Dinh Tut, a typical flute of the Gie Trieng

Friday, March 17, 2017 - 16:56:06

(VOVworld) – The Gie Trieng have a population of 33,000 people living mainly in the northern part of the Central Highlands. About two thirds of them cluster in Nam Giang district, Quang Nam province. The Gie Trieng have developed diverse folk music genres and musical instruments. The Dinh Tut is a typical flute played at Gie Trieng festivals.

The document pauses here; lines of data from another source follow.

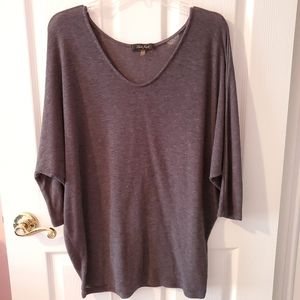 Laila Jayde size large gray dolman sleeve top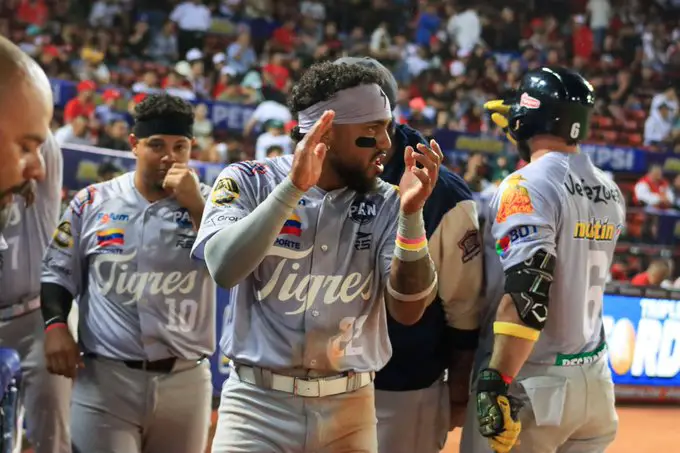 Los Tigres inician la temporada con victoria ante Cardenales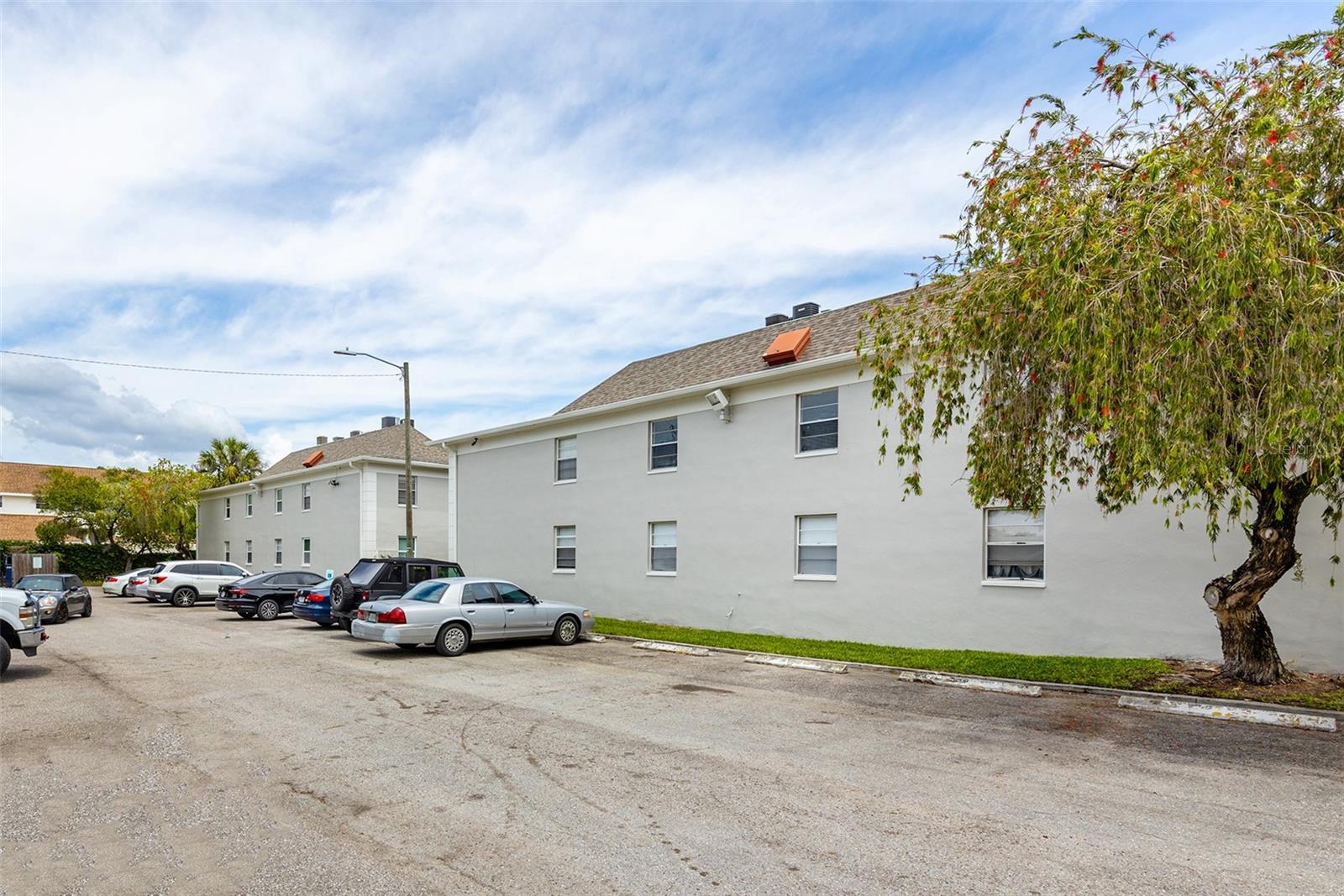 5221 Bayshore Blvd #11 Property Photo 8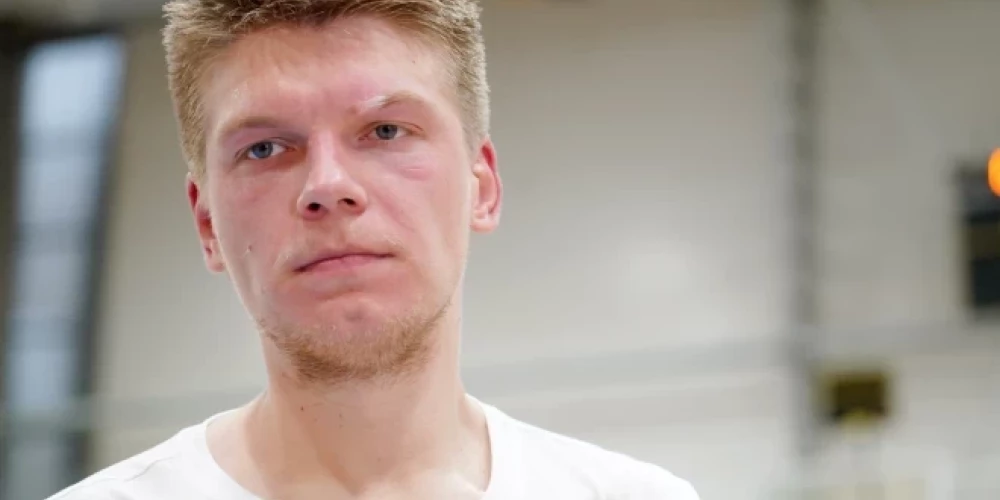 Latvijas basketbolists Kārlis Šiliņš sestdien guva astoņus punktus "Trabzonspor" zaudējumā savā laukumā Turcijas čempionāta trešās kārtas mačā.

dinh tut, a typical flute of the gie trieng hinh 0
Gie Trieng men play the Dinh Tut flute

In the old days, the Gie Trieng blew through bamboo tubes to awaken the soul of the rice at new crop festivals. They have produced at least 10 kinds of bamboo flutes. The Dinh Tut is the most popular one. A newborn child is welcomed by the sound of a Dinh Tut. At a wedding ceremony, the new couple is greeted by joyous melodies from a Dinh Tut. When people return to Mother Earth, they are mourned by the Dinh Tut.

A Dinh Tut is a set of 6 bamboo tubes of different lengths. Each tube produces one tone. Zơ Ram Nhía lives in Nam Giang district: “We arrange 6 bamboo tubes from narrow and short to big and long. In the past, our ancestors played the Dinh Tut at big events such as the New Year Festival.”

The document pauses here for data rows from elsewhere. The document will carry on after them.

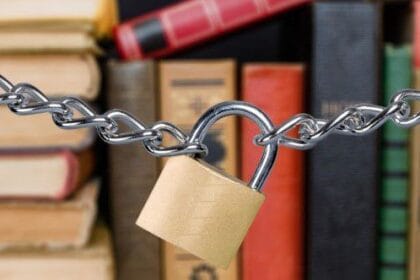 10 Wild Things Smuggled into Authoritarian Countries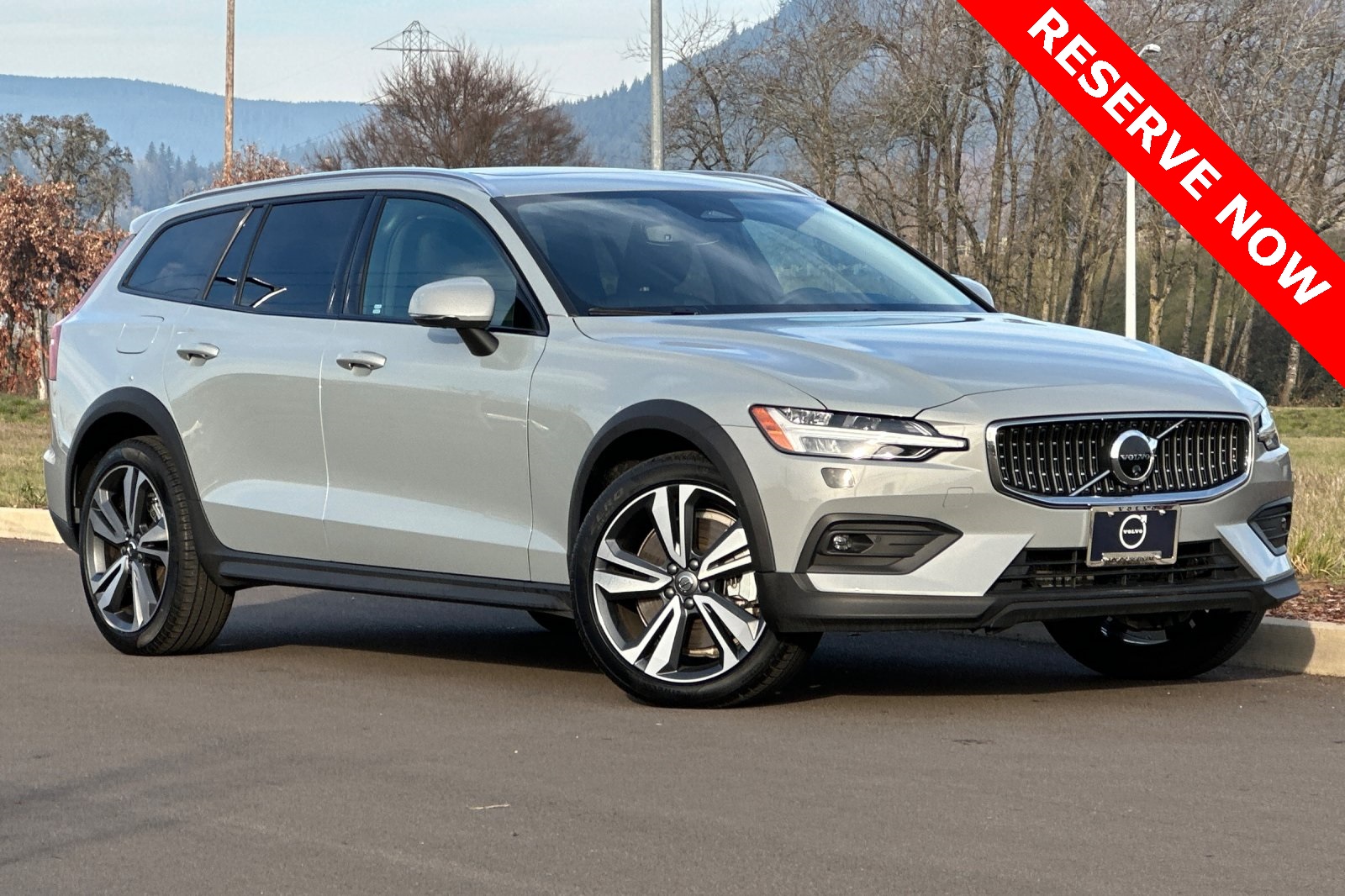 2025 Volvo V60 Cross Country B5 Plus AWD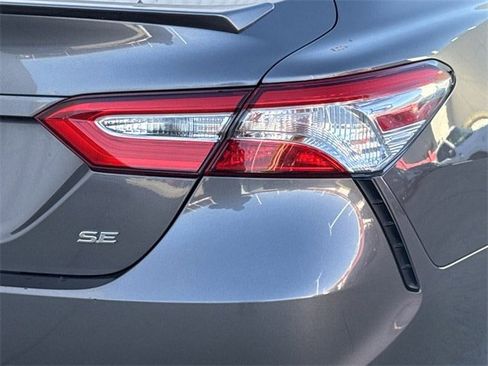 Used 2020 Toyota Camry SE image 6
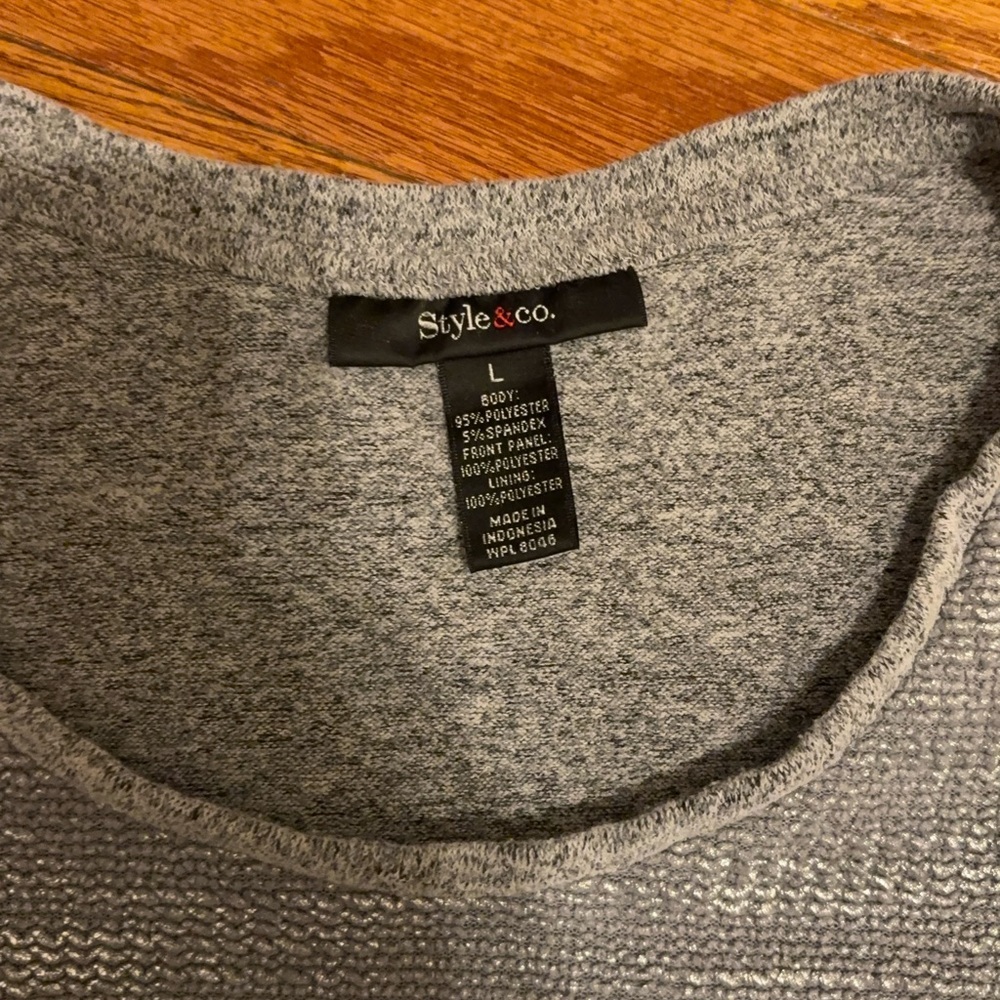 Style & Co top - Picture 2 of 3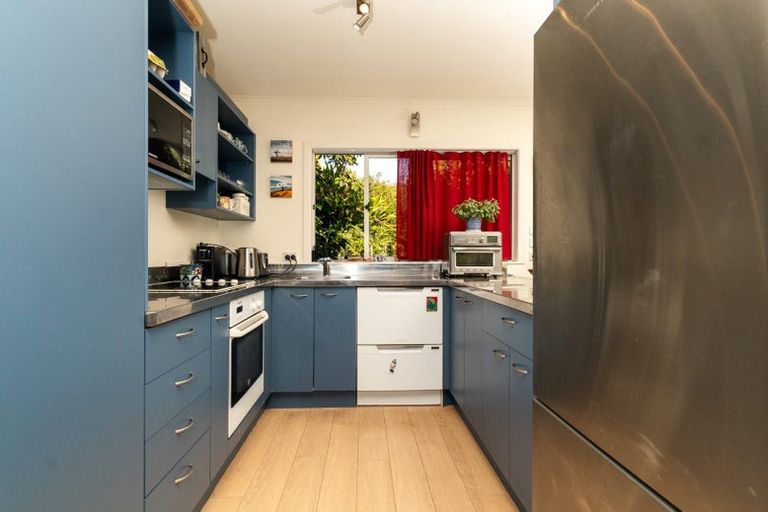 Photo of property in 57 Knights Road, Rothesay Bay, Auckland, 0630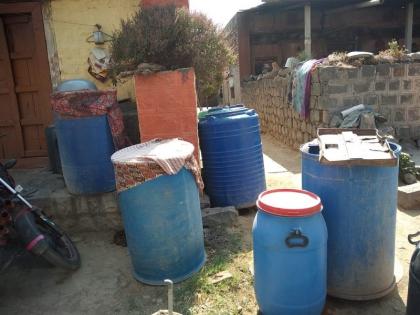 Due to famine: The whole village lives on the purchase of water | दुष्काळाच्या झळा : विकतच्या पाण्यावर जगते संपूर्ण गाव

The Dinh Tut is played at new rice ceremonies, worship ceremonies of genies, and community meetings in the Rong house. When gongs open the festival, 6 boys play the Dinh Tut while the girls dance around a fire or Neu pole.

Hiền Tiêp lives in Trach Mỹ township, Nam Giang district.  “The Dinh Tut dance is the signature performance of the Gie Trieng. This is an opportunity for young people to learn from the elderly to protect our traditional dance.”

A Dinh Tut performance needs 6 to 8 men, including a leader. The Gie Trieng have eight Dinh Tut flute and dance performances for different events. The Gie Trieng also blow Dinh Tut when they relax after doing farm work.

Zơ Ram Vanh, a Gie Trieng man in Thach My township, says: “It’s difficult to play the Dinh Tut. But we learn from the elders. Young people learn the Dinh Tut to preserve our tradition.”

At New Year celebrations or other community events, the sound of gongs and Dinh Tut flutes echoes in the surrounding mountains and forests.